Where does "Anti" occur in the listing? Copy every line that holds it.

=======

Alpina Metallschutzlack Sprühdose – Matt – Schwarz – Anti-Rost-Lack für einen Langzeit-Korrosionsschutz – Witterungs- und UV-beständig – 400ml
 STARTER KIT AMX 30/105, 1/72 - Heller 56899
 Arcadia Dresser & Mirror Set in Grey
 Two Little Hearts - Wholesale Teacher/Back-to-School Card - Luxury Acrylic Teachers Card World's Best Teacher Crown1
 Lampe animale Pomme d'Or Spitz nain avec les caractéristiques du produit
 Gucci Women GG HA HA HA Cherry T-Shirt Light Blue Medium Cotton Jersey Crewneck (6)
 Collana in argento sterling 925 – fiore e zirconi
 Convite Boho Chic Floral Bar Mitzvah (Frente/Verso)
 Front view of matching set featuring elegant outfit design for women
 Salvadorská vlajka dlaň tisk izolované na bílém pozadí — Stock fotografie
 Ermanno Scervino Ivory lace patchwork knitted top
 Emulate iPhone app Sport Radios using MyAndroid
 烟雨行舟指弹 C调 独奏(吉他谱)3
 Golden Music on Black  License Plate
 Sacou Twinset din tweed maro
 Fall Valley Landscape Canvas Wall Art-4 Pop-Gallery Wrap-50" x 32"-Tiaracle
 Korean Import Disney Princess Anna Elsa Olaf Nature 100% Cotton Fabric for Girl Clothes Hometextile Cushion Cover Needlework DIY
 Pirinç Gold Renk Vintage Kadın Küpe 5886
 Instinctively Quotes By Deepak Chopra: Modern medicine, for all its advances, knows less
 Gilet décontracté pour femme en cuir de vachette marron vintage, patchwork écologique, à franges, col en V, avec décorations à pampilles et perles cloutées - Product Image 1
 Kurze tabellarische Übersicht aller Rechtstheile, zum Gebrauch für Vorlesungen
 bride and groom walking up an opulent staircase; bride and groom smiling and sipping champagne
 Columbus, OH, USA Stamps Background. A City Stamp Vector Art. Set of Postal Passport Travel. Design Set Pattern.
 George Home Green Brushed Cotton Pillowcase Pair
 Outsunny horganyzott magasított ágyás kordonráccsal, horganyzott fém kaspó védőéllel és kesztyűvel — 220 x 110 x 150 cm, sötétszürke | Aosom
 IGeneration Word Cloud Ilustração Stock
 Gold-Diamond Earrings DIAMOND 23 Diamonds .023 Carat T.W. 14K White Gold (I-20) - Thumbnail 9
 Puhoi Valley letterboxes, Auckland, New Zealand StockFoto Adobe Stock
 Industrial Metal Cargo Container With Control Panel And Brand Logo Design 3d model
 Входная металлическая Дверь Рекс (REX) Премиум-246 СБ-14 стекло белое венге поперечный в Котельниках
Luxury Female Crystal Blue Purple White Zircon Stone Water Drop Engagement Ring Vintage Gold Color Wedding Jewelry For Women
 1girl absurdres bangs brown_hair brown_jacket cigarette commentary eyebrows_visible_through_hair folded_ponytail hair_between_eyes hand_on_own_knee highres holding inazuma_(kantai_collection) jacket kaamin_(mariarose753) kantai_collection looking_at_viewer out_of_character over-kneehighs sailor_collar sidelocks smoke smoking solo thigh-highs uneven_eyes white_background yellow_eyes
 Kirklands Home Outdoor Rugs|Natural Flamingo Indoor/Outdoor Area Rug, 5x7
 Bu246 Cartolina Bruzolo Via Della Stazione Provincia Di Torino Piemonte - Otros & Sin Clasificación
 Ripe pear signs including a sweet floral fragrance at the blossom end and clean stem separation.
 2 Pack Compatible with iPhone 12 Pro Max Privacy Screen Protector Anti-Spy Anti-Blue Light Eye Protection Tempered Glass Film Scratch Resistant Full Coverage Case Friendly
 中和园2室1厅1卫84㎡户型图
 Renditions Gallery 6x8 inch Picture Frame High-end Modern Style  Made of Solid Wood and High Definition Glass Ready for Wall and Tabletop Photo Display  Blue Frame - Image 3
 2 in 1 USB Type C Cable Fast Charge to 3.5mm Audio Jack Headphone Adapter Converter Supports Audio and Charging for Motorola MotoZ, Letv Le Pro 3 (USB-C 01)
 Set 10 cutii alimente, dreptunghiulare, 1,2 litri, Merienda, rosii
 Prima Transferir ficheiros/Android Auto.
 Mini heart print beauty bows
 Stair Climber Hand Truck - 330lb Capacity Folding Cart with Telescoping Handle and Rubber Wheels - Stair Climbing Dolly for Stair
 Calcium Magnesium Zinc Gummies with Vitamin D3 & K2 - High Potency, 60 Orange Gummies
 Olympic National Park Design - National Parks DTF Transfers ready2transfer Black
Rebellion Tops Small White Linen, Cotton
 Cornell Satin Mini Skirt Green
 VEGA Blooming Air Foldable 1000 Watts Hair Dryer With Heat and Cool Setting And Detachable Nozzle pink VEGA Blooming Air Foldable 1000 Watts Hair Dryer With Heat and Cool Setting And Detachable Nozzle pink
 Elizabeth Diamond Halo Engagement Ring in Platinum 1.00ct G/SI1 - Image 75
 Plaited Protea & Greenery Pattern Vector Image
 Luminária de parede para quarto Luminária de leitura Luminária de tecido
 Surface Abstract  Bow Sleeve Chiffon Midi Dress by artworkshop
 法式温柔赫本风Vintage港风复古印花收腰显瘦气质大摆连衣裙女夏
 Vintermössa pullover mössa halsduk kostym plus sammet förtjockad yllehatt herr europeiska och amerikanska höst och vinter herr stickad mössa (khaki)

=======

→ Solution to this problem:
Alpina Metallschutzlack Sprühdose – Matt – Schwarz – Anti-Rost-Lack für einen Langzeit-Korrosionsschutz – Witterungs- und UV-beständig – 400ml
 2 Pack Compatible with iPhone 12 Pro Max Privacy Screen Protector Anti-Spy Anti-Blue Light Eye Protection Tempered Glass Film Scratch Resistant Full Coverage Case Friendly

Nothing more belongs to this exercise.